The uneven bedrock surface, which slopes to the southwest, was exposed c. 0.10–0.15 m below ground level. A layer of intentional fill in the east of the square consisted of stones (L100; Fig. 2) that formed a uniform level, probably for the purpose of construction. A cluster of large stones was exposed on the surface next to the bedrock, in the west of the square. The stones were arranged one on top of the other to a uniform height, probably also for the purpose of construction. Upon the removal of the stone cluster, a rock-cut installation (L101; Fig. 3) was exposed. The installation had a smooth upper bedrock surface whose edges were indistinct. Two cupmarks (diam. 0.2 m, depth 0.12–0.15 m; Fig. 4) situated 0.6 m apart were revealed on the southwestern slope of the surface. Approximately 0.3 m west of the eastern cupmark were two collecting vats: an upper vat (L103), approached by the remains of a narrow channel, and a lower vat (L104; Fig. 5) tangential to the southeastern side of the upper vat. A row of stones (wall?) on the top of the lower vat extended across the upper vat, and negated the use of both vats, thereby making it difficult to ascertain the relation between them. East of the upper vat was a burnt layer.

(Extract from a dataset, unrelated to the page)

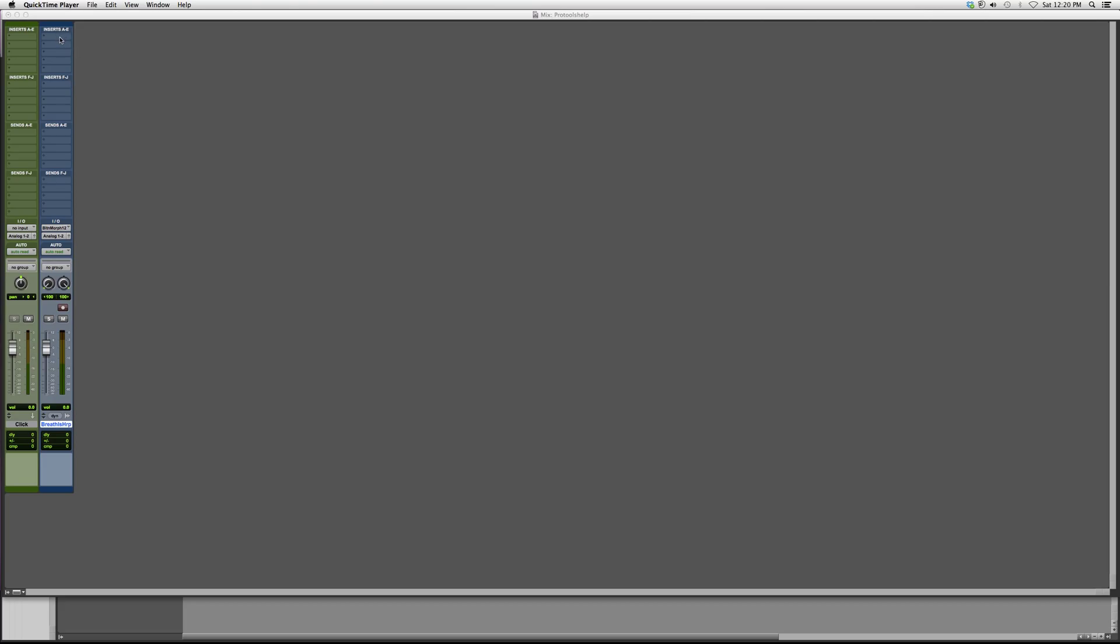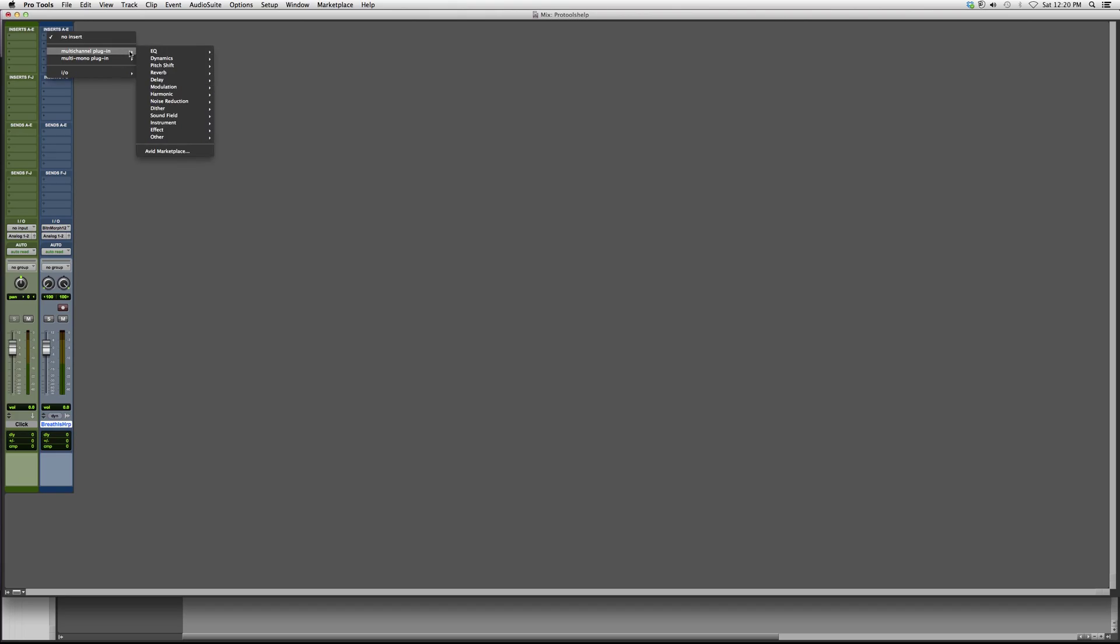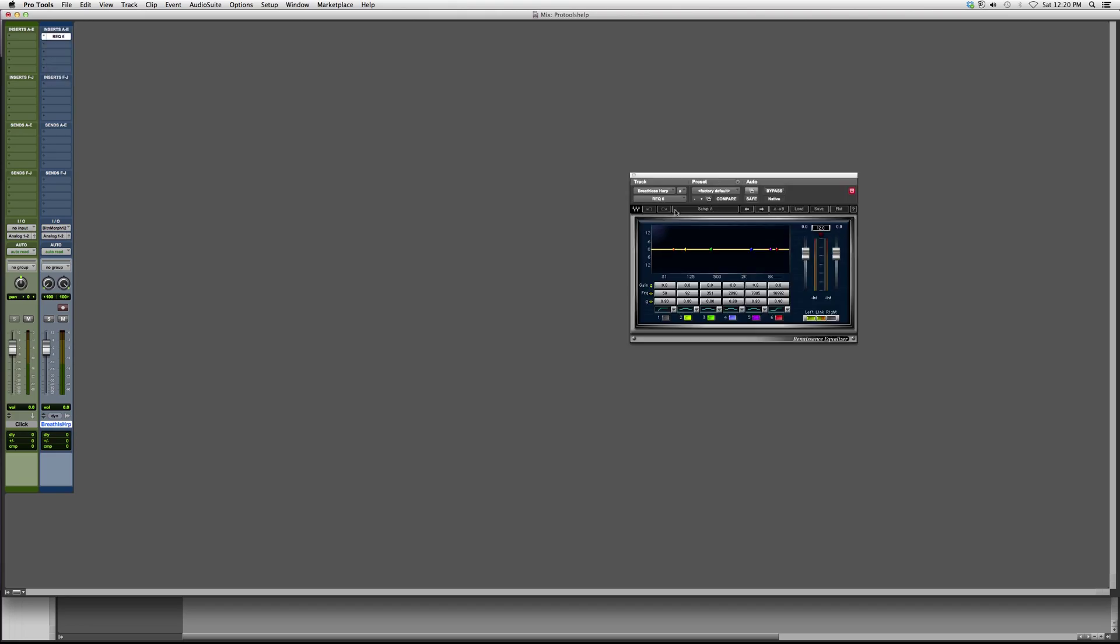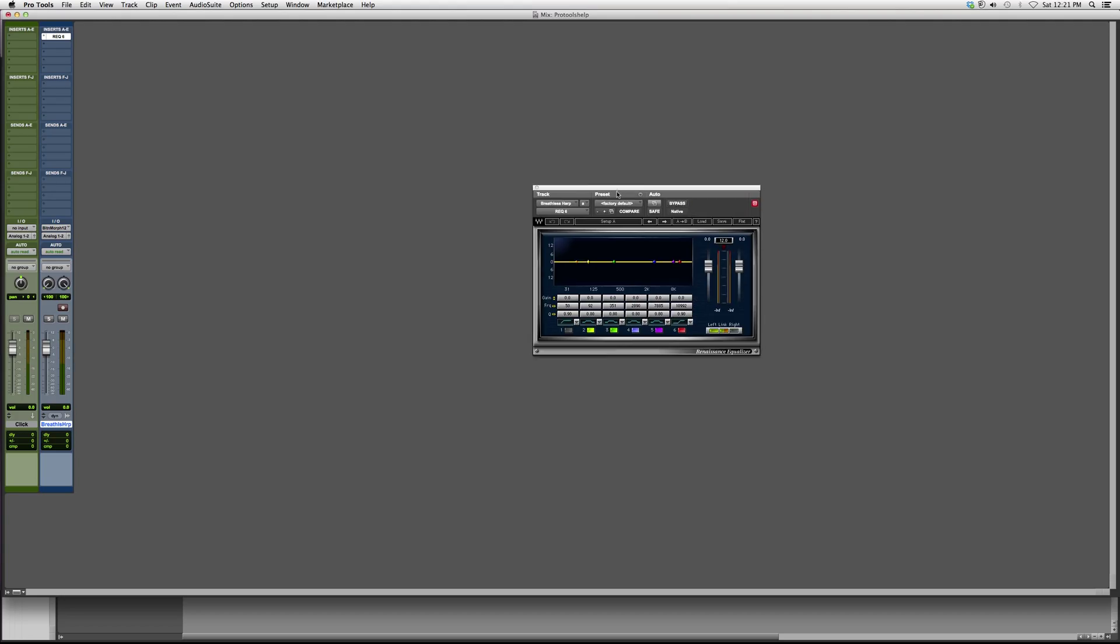So we can go to insert on whatever track it is. We're gonna go to multi-channel plug-in, we're gonna go to EQ, and we're gonna go down to REQ 6. This is the exact same as the REQ 2 and the REQ 4, but this one has six knobs that you can sweep around the frequency spectrum with.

Pottery vessels were found in the fill (L100) on the bedrock surface (L101) and in the two collecting vats (L103, L104). Most of them date to Iron Age IIA: carinated bowls (Fig. 6:1–4), including those with a folded-out rim (Fig. 6:1, 2) and deeper bowls with a ledge rim (Fig. 6:3, 4); a base of a large barrel-like krater (Fig. 6:5)—the bases of this vessel type are all especially thick, regardless of their size; cooking pots (Fig. 6:6, 7) with triangular rims typical of the early Iron Age IIA and predominant in Iron Age IIB—these were exposed mainly in the burnt layer east of the upper collecting vat and on the bedrock surface, and generally appeared together with the ridged-rim cooking pots, which are absent from the pottery assemblage in Turʽan; jars (Fig. 6:8–10), including a ridged-neck 'hippo' storage jar (Fig. 6:8) that was very common in the tenth century and first quarter of the ninth century BCE (Hazor Strata VIII–X, Megiddo Strata IVB–VA, Bet Sheʽan Stratum S1 and other sites) and disappeared in the second half of the ninth century; and jars with a more prominent ridge at the base of their neck and a thickened rim (Fig. 6:9, 10). Other finds include an irregularly shaped stone object (length 8.2 cm, width 4 cm; Fig. 6:11) with a handle at its top (height 1 cm) made of extremely porous basaltic scoria, very lightweight and was likely used for scrubbing or polishing; similar items were found in the fort at Rosh Zayit IIa, in Megiddo IV–V and in Hazor Va–X.
The absence of the ridged cooking pot and the presence of the hippo jar together with jars that have a ridge at the bottom of the rim indicate that the latest date for this assemblage is the second half of the ninth century BCE. These finds are identical to the pottery finds from the dwellings and the area near the fortified wall, and they can be dated from the late tenth to the mid-ninth centuries BCE. Similar assemblages were exposed at Rosh Zayit IIa–b (Gal and Alexandre 2000:25–148), Yoqneʽam XIV–XV (Zarzecki-Peleg 2005: Figs. I.39–I.59), Hazor IX–X (Garfunkel 1997: Figs. III 22, III.23) and Tel Amal III–IV (Levy and Edelstein 1972: Figs. 8–16).
The cumulative data from the excavations point toward the existence of an important settlement. Buildings with pillars (Shalem and Gal 2000:110) and the exposure of the fortified wall in two locations are indicative of a large settlement that overlooked extensive agricultural areas. The relationship between the cupmarks and the collecting vats is unclear. The installation discovered in the course of the excavation is probably related to food that was produced for a household, but its poor state of preservation makes it difficult to ascertain its exact nature. The cupmarks were most likely used for pounding cereal or grains, or positioning thick wooden beams opposite the two vats. The scoria tool, which was probably used for scrubbing or polishing, is also of no help in determining the use of the installation. The fortified wall, 2.5–3.0 m wide, may indicate an important city in the heart of the Bet Natofa Valley, as proposed by Shalem and Gal before the wall was revealed (Shalem and Gal 2000:110). In his research on Iron Age settlement of the Lower Galilee, Gal suggested that the cities Gat Hefer, H. Malta, Tel Mador and other cities are settlements characterized by buildings with columns and pillars, such as the ‘four-room house.’ The pottery shows that the settlement was abandoned in the late ninth century BCE, similarly to other nearby sites of this period.